WHAT YOU WILL DO: Transcribe the listing below only from the line with "为什么转账Tokenim代币时，需要支付ETH费用？挑战理解的常见误区！" up to and including the line with "กิฟฟายน์ ชุดฟอกสีขนตามร่างกาย giffine".

MATERIAL FOR THIS TASK:
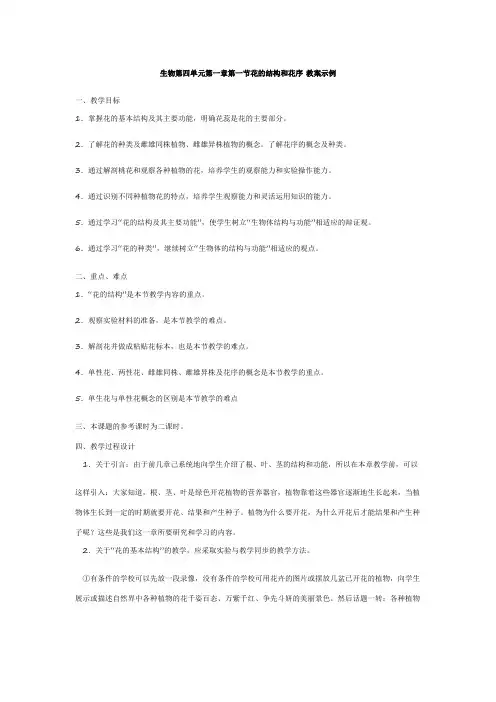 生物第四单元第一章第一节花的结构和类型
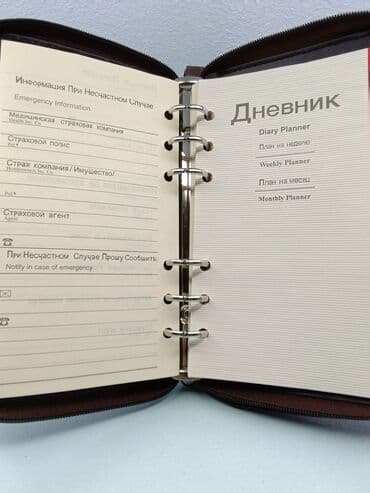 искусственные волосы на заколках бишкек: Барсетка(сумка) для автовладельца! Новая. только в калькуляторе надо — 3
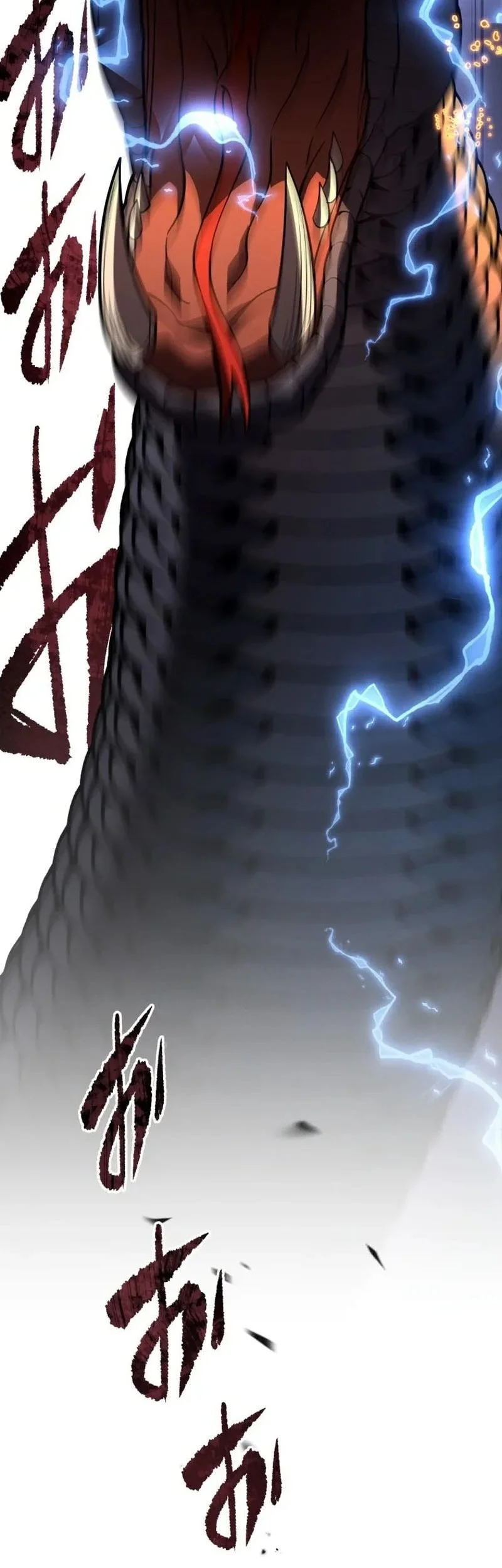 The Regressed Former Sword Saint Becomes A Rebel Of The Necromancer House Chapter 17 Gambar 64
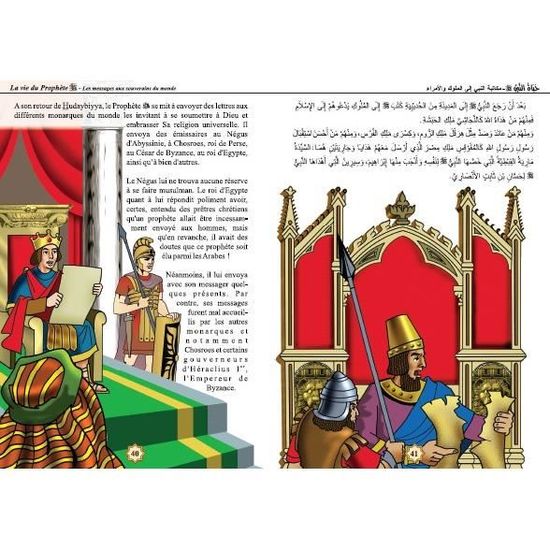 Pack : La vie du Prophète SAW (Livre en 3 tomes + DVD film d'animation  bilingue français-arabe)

--

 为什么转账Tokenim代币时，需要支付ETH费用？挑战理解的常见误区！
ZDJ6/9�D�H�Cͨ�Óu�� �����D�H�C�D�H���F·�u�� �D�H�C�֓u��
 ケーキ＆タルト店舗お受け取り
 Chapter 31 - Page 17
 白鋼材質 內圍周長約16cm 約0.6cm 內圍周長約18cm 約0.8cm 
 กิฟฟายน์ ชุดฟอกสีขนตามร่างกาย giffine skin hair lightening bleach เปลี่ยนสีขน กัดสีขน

* * *

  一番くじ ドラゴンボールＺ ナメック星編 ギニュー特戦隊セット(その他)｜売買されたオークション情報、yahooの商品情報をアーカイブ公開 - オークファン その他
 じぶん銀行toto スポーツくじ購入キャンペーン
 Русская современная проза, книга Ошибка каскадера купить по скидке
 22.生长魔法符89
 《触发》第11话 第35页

OUTPUT FOR THIS TASK:
 为什么转账Tokenim代币时，需要支付ETH费用？挑战理解的常见误区！
ZDJ6/9�D�H�Cͨ�Óu�� �����D�H�C�D�H���F·�u�� �D�H�C�֓u��
 ケーキ＆タルト店舗お受け取り
 Chapter 31 - Page 17
 白鋼材質 內圍周長約16cm 約0.6cm 內圍周長約18cm 約0.8cm 
 กิฟฟายน์ ชุดฟอกสีขนตามร่างกาย giffine skin hair lightening bleach เปลี่ยนสีขน กัดสีขน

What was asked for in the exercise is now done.